What This Mrs. Misses About Teaching
1. Scholastic Book Orders
I’ve said it before, but scholastic book orders are basically why I became a teacher. I get way more excited when The Book Box arrives than when a student “gets it”. The lightbulb moment is usually gradual and often happens when I’m distracted from actually teaching the lesson to the whole class.

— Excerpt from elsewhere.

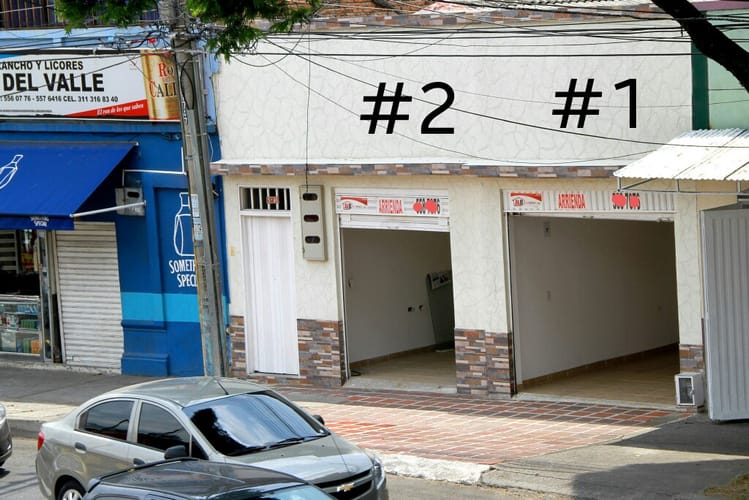 Local en arriendo en Alameda, Cali, 131 m² · foto 7 de 14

The Book Box allows me to slow down and take in the scent of brand new, shiny, silky books. And the look of excitement my students get over BOOKS makes me so happy. When I carry the Book Box from the office to my classroom, I hope to run into some of my students just to give them a big open mouth smile of excitement because The Book Box came!!
2. Donors Choose
The first two years I taught, like most new teachers, I spent a good chunk of my paycheck on stuff for my classroom. Decorations for the walls, prizes for my student store, stickers for days and days, fun colored white board markers, food snacks for parties, books for my class library, and the list goes on and on. I put a big halt to buying stuff for my classroom once I noticed my savings account didn’t have any… savings.
But I still wanted my kids to have a nice classroom and get to experience new things, so I wrote out requests for items with Donors Choose, a website that allows teachers to request certain items, write up a proposal, and then donors get to choose which projects they want to fund. With Donors Choose, I’ve been able to get LEGOs for center time, a huge cozy rug for reading time, a bunch of jump ropes and soccer gear to make PE more legit. It’s such a great program that really helps teachers bring in new supplies to the classroom without spending so much of their own money.
3. Playing Soccer With Students
I’ve never been athletic. So my skill level at soccer is about the same as my 2nd grade students, excluding the ones who are in some type of soccer league outside of school. Those students are way better than me.
My students love it when I play soccer with them and so do I. When I put on a green or blue jersey that team gets super excited. It’s a bonding time where we can play together and build up that teacher-student relationship.
Playing soccer with my students is where a lot of the magic happens.
At times it’s incredibly tough to take on the role of coach because I have zero life experience to draw from so all the coaching knowledge I have comes from sports movies. But it’s magical all the same. At the end of a long day, it’s so refreshing to go outside and have fun. If I were in charge of the education system, there would be so much more PLAY time. For the KIDS. Go figure.
4. Chapter Book Read Alouds
Ok, this is where the other real magic happens. I once was told by a student’s older sister, “My brother hated reading before he came into your class. We were always trying to get him to read at home but he never would. After being in your class, he loves chapter books.”
That was so rewarding to hear because it’s not easy to read chapter books aloud each day to a room full of wiggly kids.
But I’m a firm believer that if someone doesn’t “like reading” he/she just hasn’t found the right book yet. One of my goals as a teacher is to get my students to fall in love with reading. Old Yeller, the kids from Wayside School, and Winn-Dixie are just a few of the characters that help me accomplish that goal.
5. Math Challenge Problems
In second grade, students are supposed to be able to add problems such as 345 + 459. Once my students understand the basics around that, I love giving them challenge problems. I change my voice to sound like a guy from a boxing match, “ARE YOU READY FOR A CHALLENGE???” And I slowly write 347913074 + 392412798 on the board, sometimes pausing before adding yet another digit! Their jaws drop as I write the problem on the board, but as soon as I encourage them, “You know how to add. You can do this. Add it up!” they get going — and when they get it right, man does my classroom get LOUD. They want more, they soon will demand more, and I will increase the rigor as high as they will allow.
It’s one of my tricks so when they see a problem like 562 +432, they have this new confidence. And 6+7, no sweat!
Yes. Teaching has its awesome moments for sure. And while I do miss some parts about being in the classroom, this mama is exactly where she wants and needs to be. It was just fun to remember some of my pre-baby daily occurrences.